2296. La même règle doit être appliquée au cas où le pourvoi aurait été formé contre un arrêt qui aurait rejeté l'opposition faite par la partie civile elle-même, car le droit que l'article 135 lui a accordé s'arrête à l'opposition contre l'ordonnance de la chambre du conseil, et il n'en peut résulter le droit de se pourvoir même contre l'arrêt qui a rejeté cette opposition.

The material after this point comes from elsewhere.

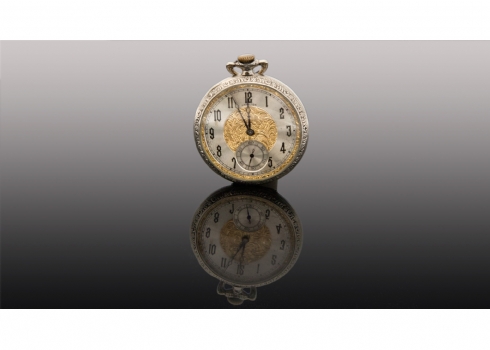 שעון כיס עשוי פליז מצופה כסף   (3212)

C'est ce que la Cour de cassation a reconnu en rejetant le pourvoi d'une partie civile : « Attendu que l'arrêt attaqué déclare le demandeur, partie civile, non recevable dans son opposition à une ordonnance de la chambre du conseil portant « qu'il n'y a lieu à suivre sur sa plainte, faute par lui d'avoir formé cette opposition dans le délai de vingt-quatre heures »; que le procureur général ne s'est pas pourvu contre cet arrêt; qu'il a conséquemment renoncé à exercer son action à raison des faits dénoncés par le demandeur; que la poursuite des crimes et des délits n'appartient qu'au ministère public; que s'il est loisible à la partie lésée de se joindre à lui pour obtenir la réparation du dommage qu'elle prétend avoir souffert, cette faculté ne l'autorise pas à s'immiscer dans l'exercice de l'action publique, ou bien mieux encore à l'exercer seule quand le ministère public y a renoncé; que si ce principe fondamental de la procédure criminelle reçoit une exception qui résulte de ce que l'article 135 autorise la partie civile à former opposition à l'ordonnance de la chambre du conseil et à déférer ainsi à la cour royale l'examen des charges, cette exception, qui se trouve hors des termes du droit commun, n'emporte pas, pour la partie civile, lorsque le ministère public croit devoir garder le silence, le droit de se pourvoir en cassation contre l'arrêt de la cour royale qui intervient sur son opposition; qu'un pareil pourvoi serait, en effet, un véritable acte de poursuite, tandis que la partie civile n'est autorisée qu'à en former un seul, savoir, l'opposition à l'ordonnance de la chambre du conseil; qu'il suit de là qu'il importe peu de quelle manière la cour royale a prononcé

1 Cass. 28 juin 1822 (J. P., tom. XVII, p. 461); et conf. cass. 31 janv. 1828 (J. P., tom. XXI, p. 1118); 30 avril 1829 (J. P., tom. XXII, p. 954); 22 juillet 1831 (J. P., tom. XXIV, p. 65); 30 sept. 1841 (Bull., no 294); 14 juillet 1859 (Bull., no 178); 5 sept. 1859 (Bull., no 223); 21 juillet 1860 (Bull., no 171).